#### Instructions to follow:
Using the listing below, set down exactly the lines from the one that contains "[BẢN QUỐC TẾ" through the one that contains "ขายตู้โชว์บุหรี่คางหมูไม้สักเก่า", with no pictures.

#### Data shown:
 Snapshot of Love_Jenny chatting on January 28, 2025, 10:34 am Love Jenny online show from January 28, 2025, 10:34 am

--

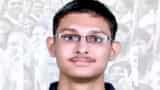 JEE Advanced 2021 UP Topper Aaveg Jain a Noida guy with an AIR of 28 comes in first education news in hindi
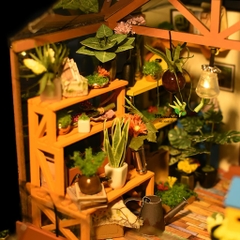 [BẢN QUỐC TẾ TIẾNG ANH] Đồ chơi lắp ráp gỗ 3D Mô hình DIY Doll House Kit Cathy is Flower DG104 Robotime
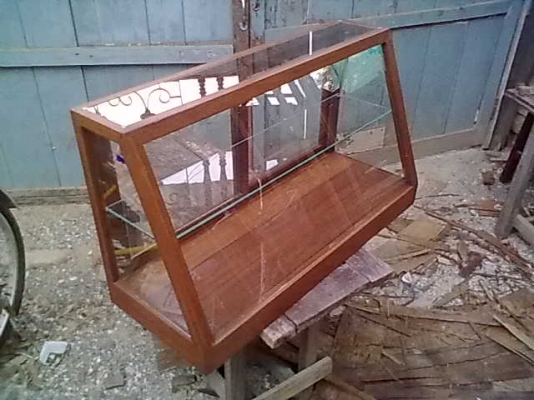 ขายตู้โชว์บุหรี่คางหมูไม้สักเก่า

#### Answer space:
 [BẢN QUỐC TẾ TIẾNG ANH] Đồ chơi lắp ráp gỗ 3D Mô hình DIY Doll House Kit Cathy is Flower DG104 Robotime
 ขายตู้โชว์บุหรี่คางหมูไม้สักเก่า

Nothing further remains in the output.